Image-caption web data
Segment Open

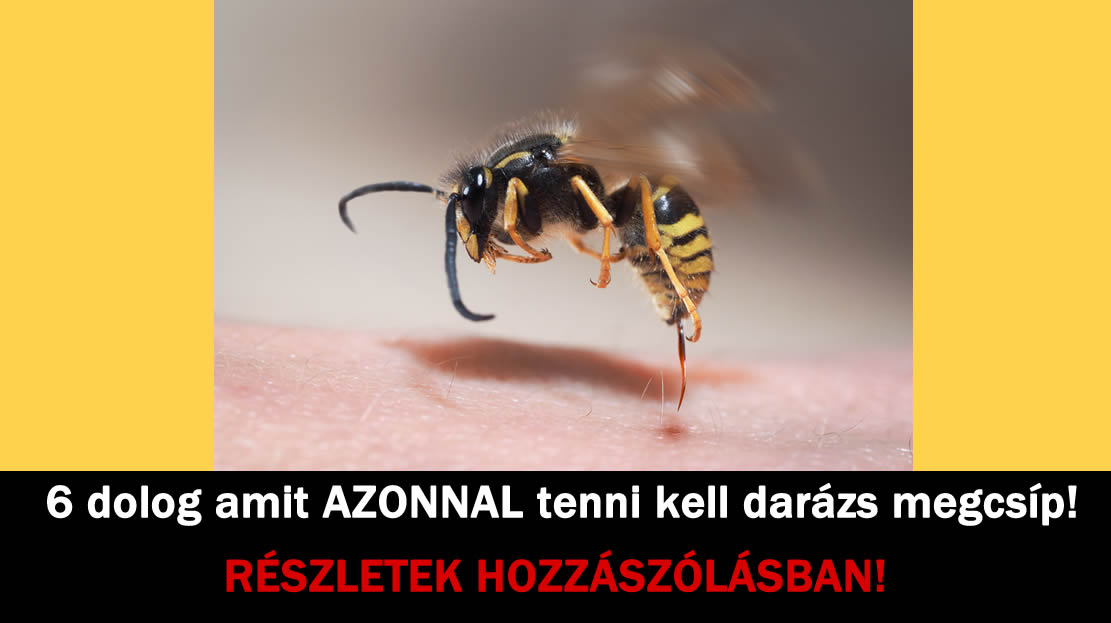 6 dolog amit AZONNAL tenni kell darázs megcsíp!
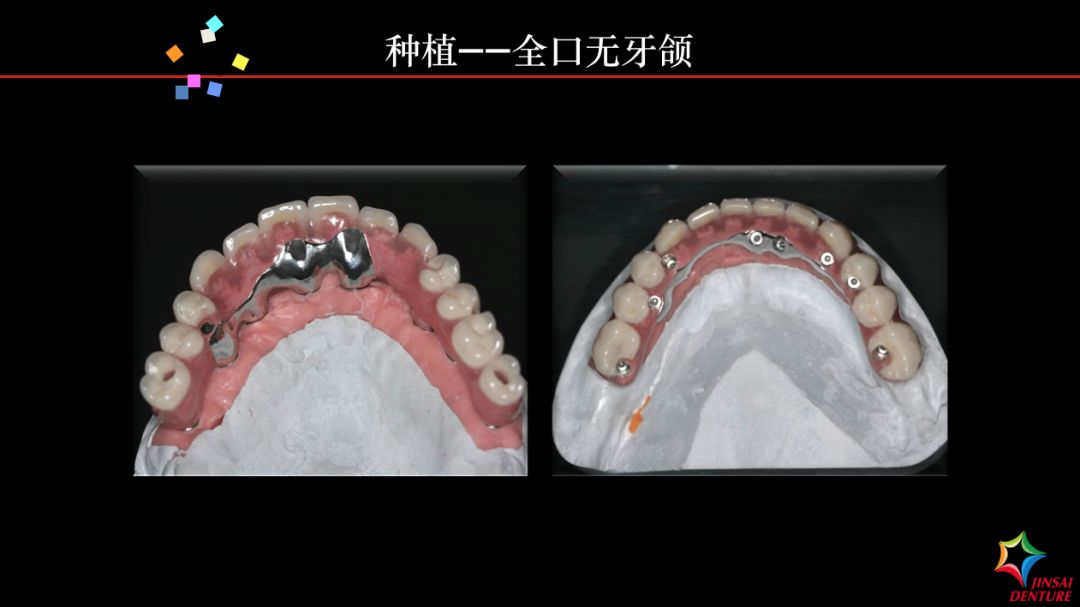 金赛义齿种植马龙桥修复病例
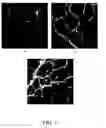 Fig. 07 - Intravascular delivery of nucleic acid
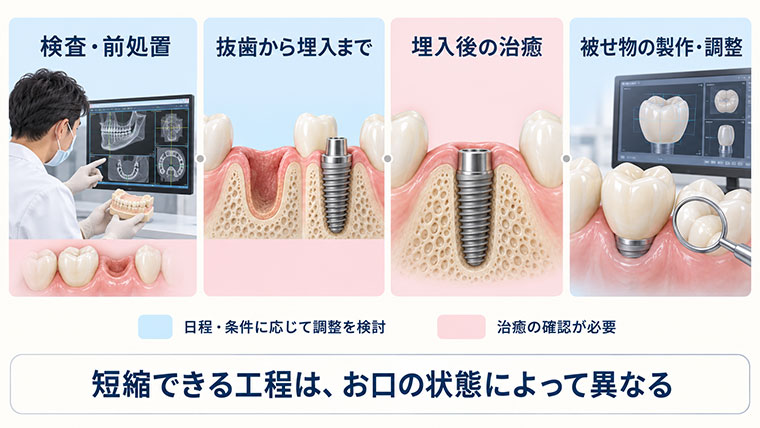 インプラントの治療期間を短縮
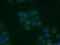 Vesicle Associated Membrane Protein 1 antibody, 13115-1-AP, Proteintech Group, Immunofluorescence image 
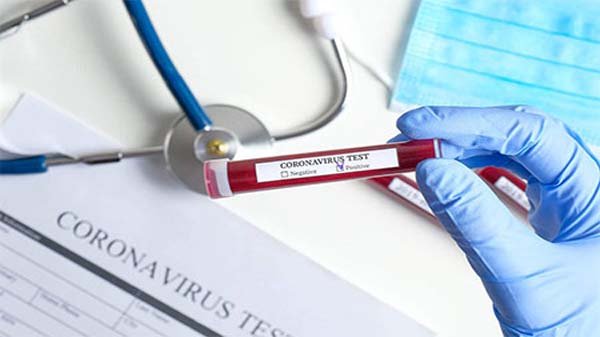 ২৪ ঘণ্টায় করোনায় আরো ২১ জনের মৃত্যু, শনাক্ত ১৩৮৩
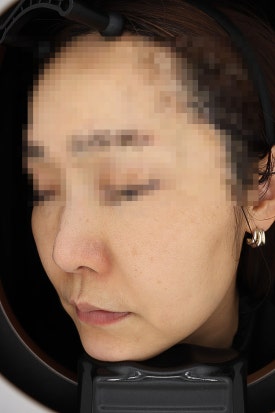 목동 레이저토닝 기미 주근깨 치료 제대로 하려면 관련 이미지 12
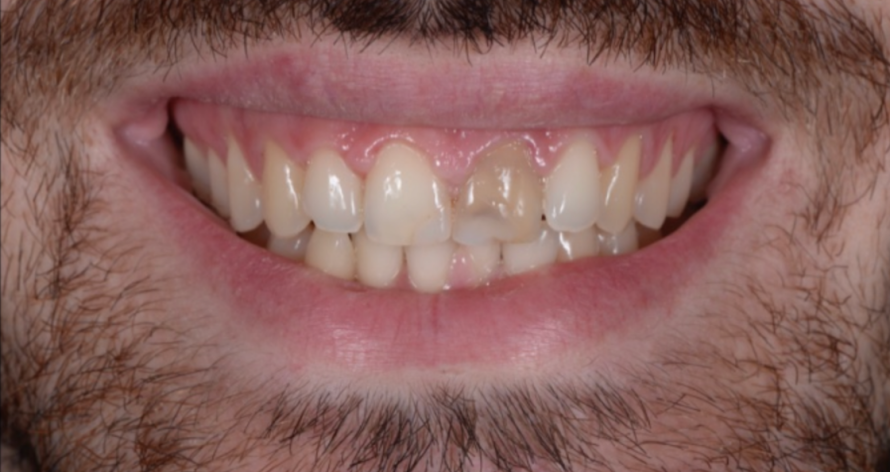 Caso Clinico 3 - prima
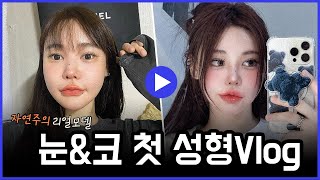 자연주의 성형외과 리얼모델 눈&코 첫성형vlog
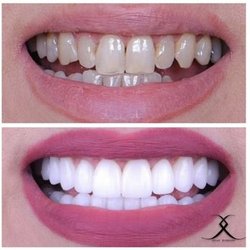 Calabasas Smiles - Smile Makeover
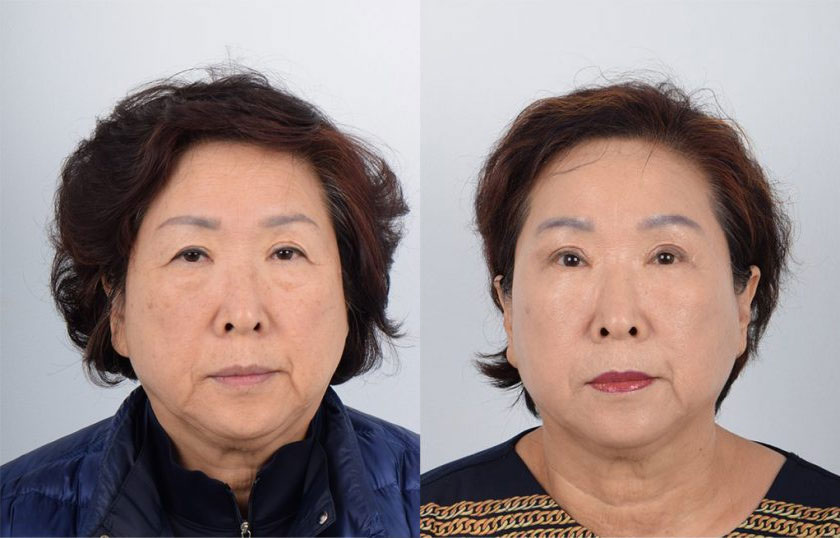  Female, Facelift, Age:51 - 60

Segment Closed

WHAT TO DO: Reproduce the lines from the one with "목동 레이저토닝 기미 주근깨 치료 제대로 하려면 관련 이미지 12" through the end of the data, keeping both end lines, adding nothing, and dropping any pictures.

EXERCISE ANSWER:
 목동 레이저토닝 기미 주근깨 치료 제대로 하려면 관련 이미지 12
 Caso Clinico 3 - prima
 자연주의 성형외과 리얼모델 눈&코 첫성형vlog
 Calabasas Smiles - Smile Makeover
  Female, Facelift, Age:51 - 60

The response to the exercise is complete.